Now that economy is showing signs of improvement, inflation fears have resurfaced. Case in point: Some 41% of the National Association for Business Economics’ 266 members surveyed in August said that the lagging effect of the Federal Reserve’s decision to increase the money supply would be inflation.
For over a year now, foreign investors have doubted that the U.S. would be able to pay down its growing debt burden, and this has caused many of them to abandon dollar-denominated Treasury securities. This is the first year that the U.S. has ever lost foreign capital, and as a result, the Fed has had to step in and print approximately $2 trillion dollars to replace it.
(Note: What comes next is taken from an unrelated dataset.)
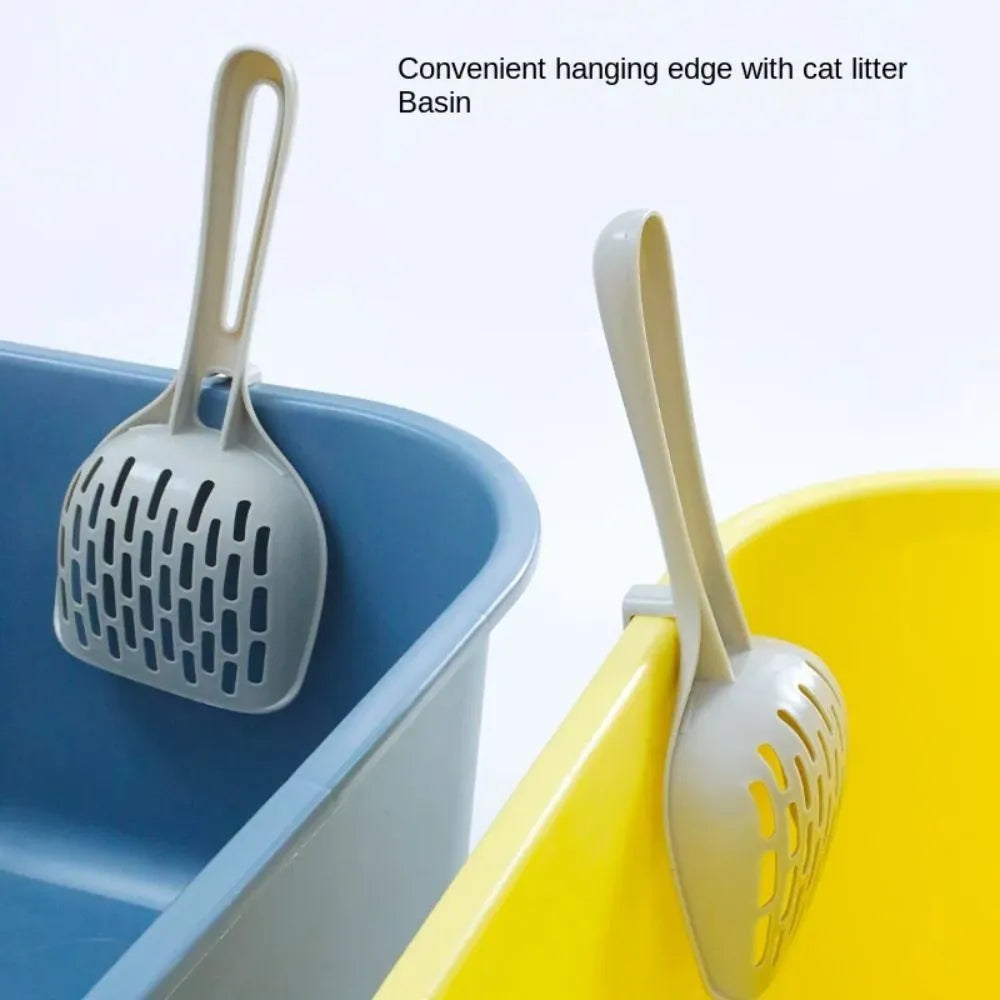 Grey plastic cat litter scoop with matching base for litter box cleaning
The problem is that right now, there are too many dollars and not enough demand. This means that rising inflation is all but guaranteed.
There is no doubt that inflation remains a major concern for economists and investors alike, especially since gold just hit $1,000 an ounce. Gold prices typically rise in September because the start of the holiday season in the world’s biggest gold-consuming countries tends to drive up demand. In fact, gold has posted monthly gains for the past 16 out of 20 Septembers, which is better than any other month of the year.
But today’s price surge is an indication that investors are starting to recognize that the dollar’s weakness may be more than temporary. Investors buy gold–like they do most commodities that are valued in dollars–as a hedge against a drop in the value of the U.S. currency in order to preserve capital.
This reality that the dollar will remain weak for some time is fueling inflation fears, so much so that President Obama is expected to instruct Americans on Wednesday night in his joint session before Congress to “save.” If the U.S. savings rate doesn’t continue to increase, the federal government’s massive budget deficit may not be able to be financed from foreign investors, especially the BRIC (Brazil, Russia, India and China) countries and many Middle Eastern countries that are now shunning the U.S. dollar. These BRIC countries increasingly prefer to be paid in a basket of currencies, especially the IMF’s Special Drawing Rights–a basket of foreign currencies that is inherently safer than a decaying U.S. dollar, which has lost 15% to 30% against many major currencies since March.
The bottom line is if Americans don’t boost their savings to counteract fleeing foreign capital, stagflation will likely ensue.